United States v. Mendenhall, 446 U.S. 544, 554 (1980) (citations and footnote omitted) . On the other hand, "not every governmental interference with an individual's freedom of movement raises such constitutional concerns that there is a seizure of the person." Skinner v. Ry. Labor Executives' Ass'n, 489 U.S. 602, 618 (1989).
Analyzing the incident in temporal segments,[ 6 ] Wilkins asserts that the district court erred in holding that he seized Wilson during what he classifies as the third time segment — when he touched her hand and made untoward comments to her. We disagree.
We review de novo the district court's holding that a seizure occurred. United States v. Buchanon, 72 F.3d 1217, 1223 (6th Cir. 1995). Whether a seizure occurred depends on the circumstances. Mendenhall, 446 U.S. at 554. We reject Wilkins' characterization of the district court's conclusion that a seizure occurred as resting only on the touchings and concomitant comments. The court's opinion noted that a physical touching is a circumstance that might indicate a seizure, and that in Slusher[ 7 ] this court concluded that the plaintiff had been seized when a police officer grabbed her hand. Beyond that, we think it clear that the district court's determination that a seizure occurred was a contextual one — Wilson's being "captive" in a "moving police vehicle" which was under Wilkins's control. Wilkins asserts that even if this court finds that he seized Wilson, there was no clearly established law that would have told him that his conduct under these circumstances — however inappropriate it may have been — violated the Fourth Amendment.
The district court noted that Mendenhall was decided in 1980 and Graham in 1989. Under Mendenhall, a seizure occurs when "in view of all the circumstances surrounding the incident, a reasonable person would have believed that [s]he was not free to leave." 446 U.S. at 554. Under Graham, a seizure triggering the Fourth Amendment's protections occurs when a government actor in some way restrained the liberty of a citizen by means of physical force or show of authority. 490 U.S. at 395 n.10.
Under the cases the district court relied on, the right of Wilson's infringed — to be free from having her liberty impinged by a state actor exerting authority over her — was clearly established in December 2006 when this incident occurred.
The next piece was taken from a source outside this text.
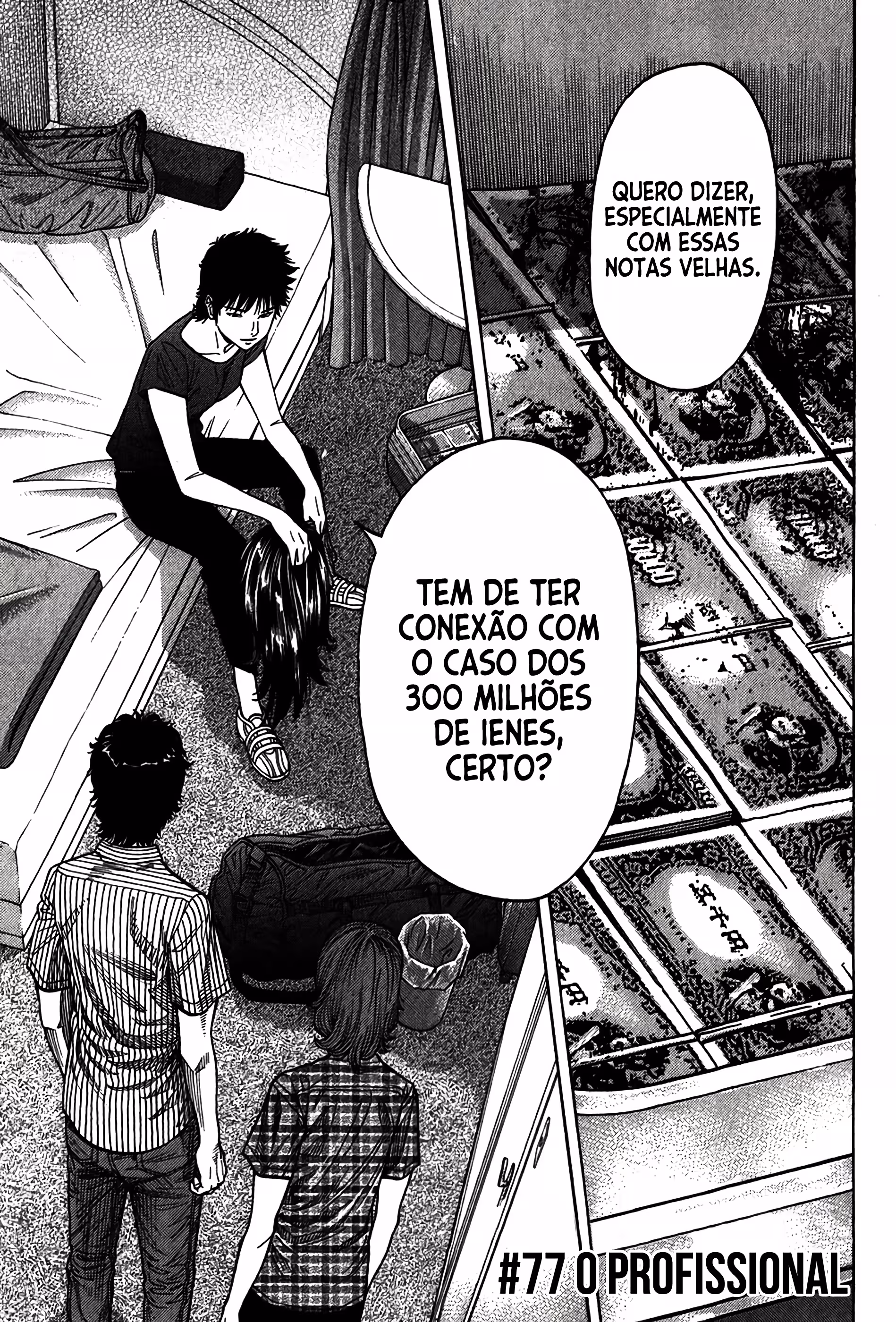 Pagina 3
When considering whether qualified immunity applies, "[p]re-existing law need not address the very question at hand; rather, `[t]he contours of the right must be sufficiently clear.'" Logsdon v. Hains, 492 F.3d 334, 343 (6th Cir. 2007) (quoting Center for Bio-Ethical Reform v. City of Springboro, 477 F.3d 807, 830 (6th Cir. 2007).
The remaining question is whether Wilson alleged sufficient facts and supported the allegations by sufficient evidence to indicate that what Wilkins allegedly did was objectively unreasonable in light of the clearly established constitutional right. Dickerson v. McClellan, 101 F.3d 1151, 1158 (6th Cir. 1996). The district court concluded that Wilkins's actions were "not objectively reasonable. Having insisted that Plaintiff ride with him, Officer Wilkins should have merely driven Plaintiff, a victim of a crime, downtown. He should not have detoured and made untoward advances." Viewing the facts in a light most favorable to plaintiff, we agree. A reasonable officer would have known that he was not free to make sexual overtures and repeatedly touch a citizen in his control in a moving vehicle.